_WORK INSTRUCTION_.
Return nothing but the lines from the one containing "Above Reality Hot" through the end of the records below, exactly as they stand and without pictures.

_GIVEN ENTRIES_.
◇ ◇ ◇ ◇ ◇

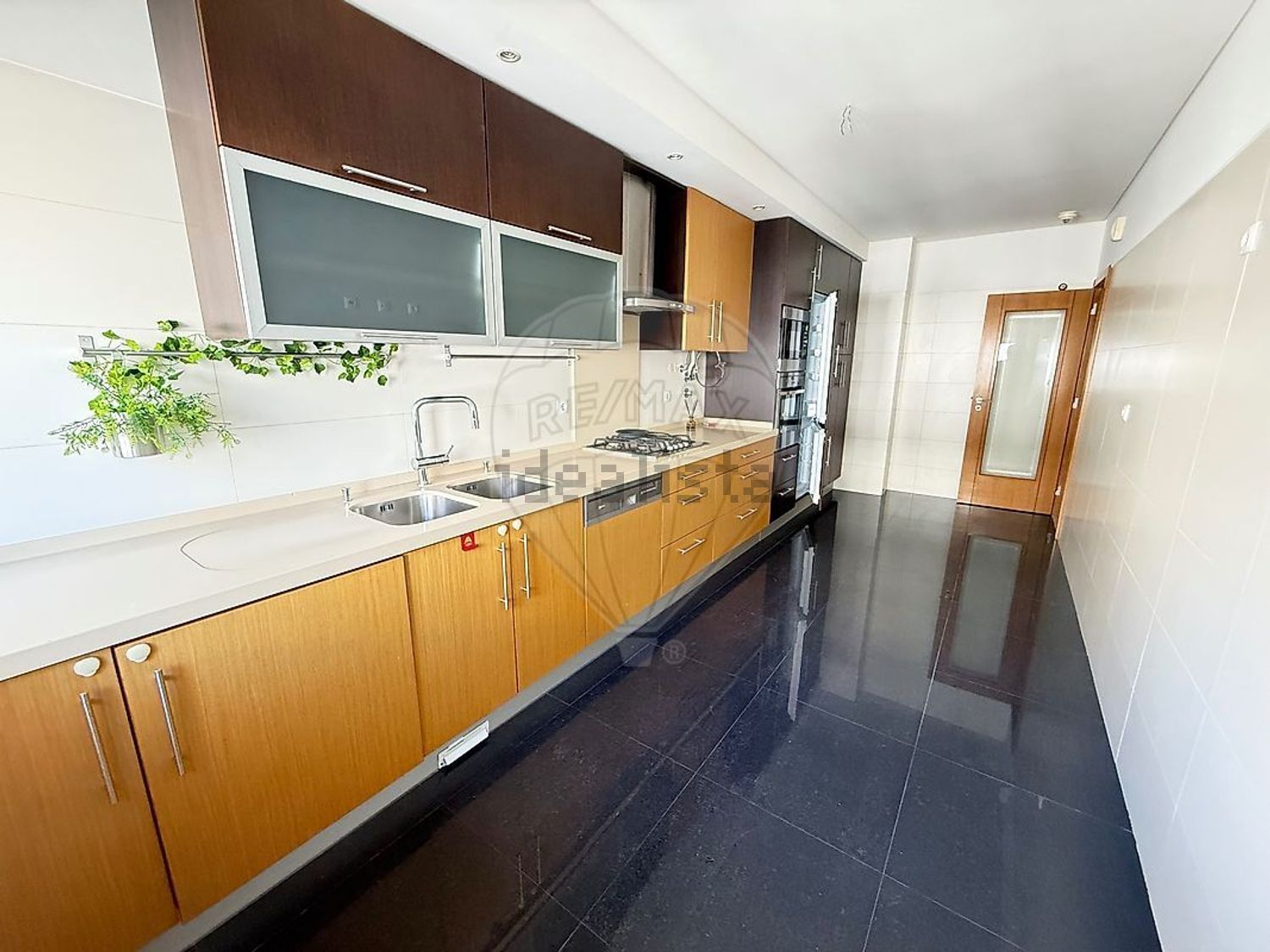出租公寓 t1Conjunto Residencial da Atalaia - 厨房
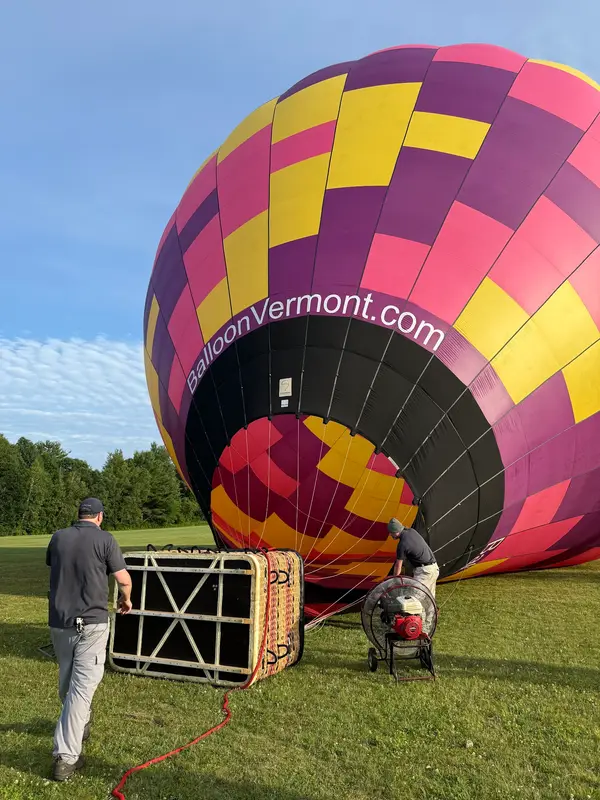 Above Reality Hot Air Balloon Rides, Essex Junction, VT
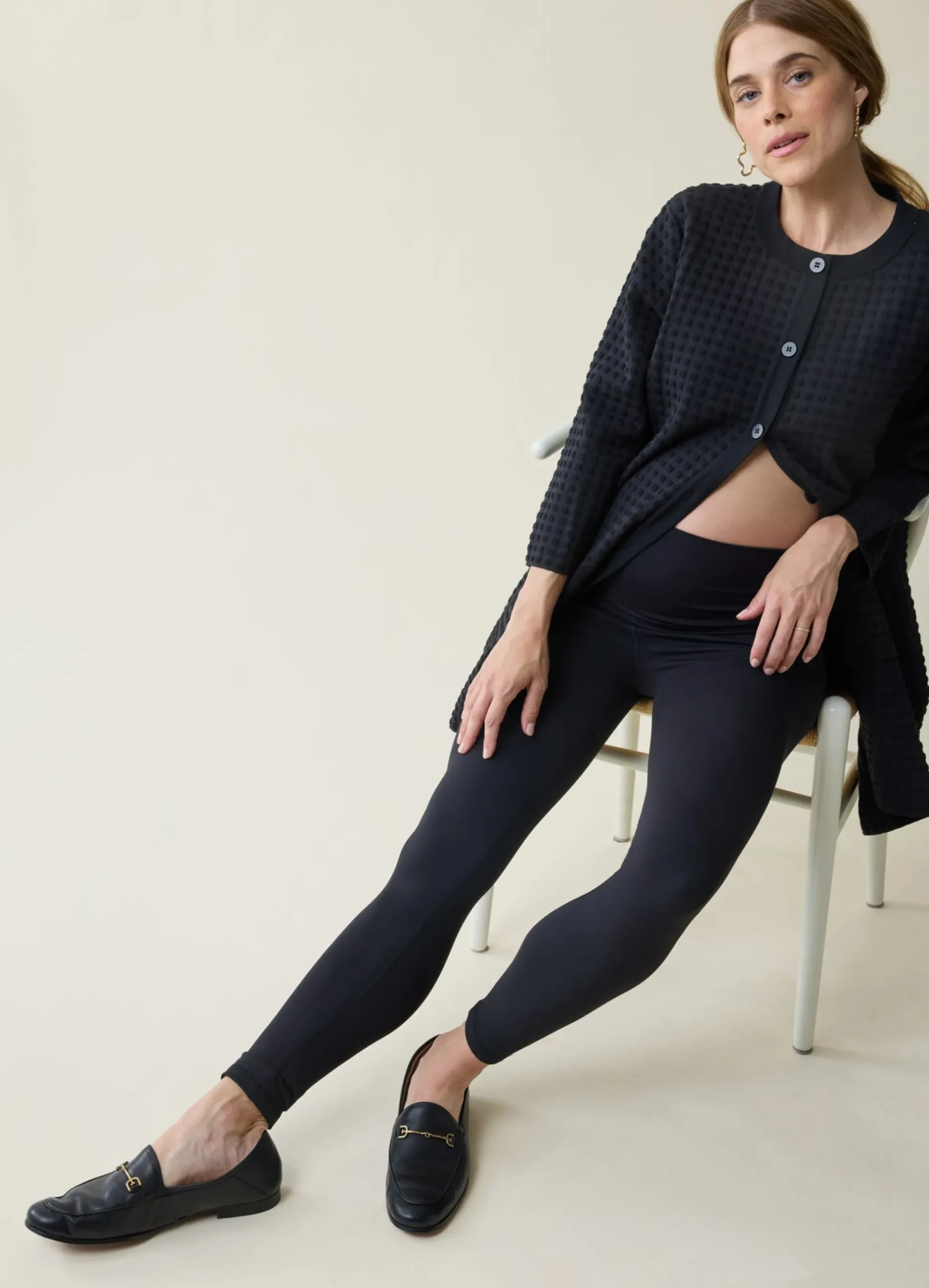 The All-Stage Forever Black Maternity + Postpartum Legging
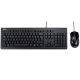Клавиатура + мышь ASUS U2000 Black Keyboard + Mouse USB 90-XB1000KM000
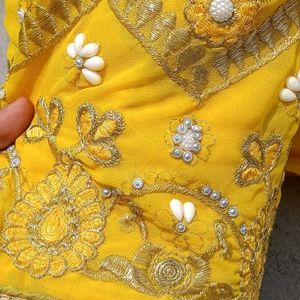 Yellow  Saree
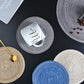 Round Braided Placemats Set of 4 Washable Place Mats for Dining Tables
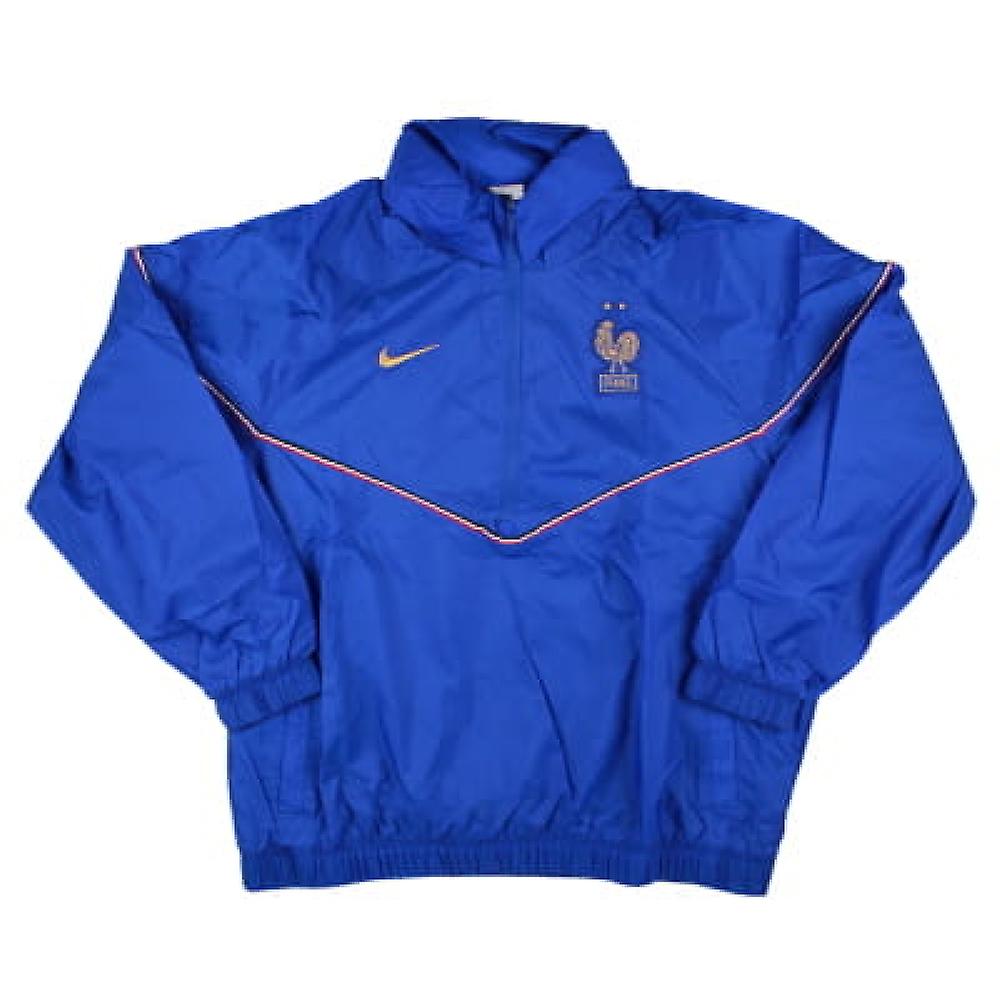 2024-2025 France Windrunner Anorak Jacket (Blue)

◇ ◇ ◇ ◇ ◇

_THE ANSWER_.
 Above Reality Hot Air Balloon Rides, Essex Junction, VT
 The All-Stage Forever Black Maternity + Postpartum Legging
Клавиатура + мышь ASUS U2000 Black Keyboard + Mouse USB 90-XB1000KM000
 Yellow  Saree
 Round Braided Placemats Set of 4 Washable Place Mats for Dining Tables
 2024-2025 France Windrunner Anorak Jacket (Blue)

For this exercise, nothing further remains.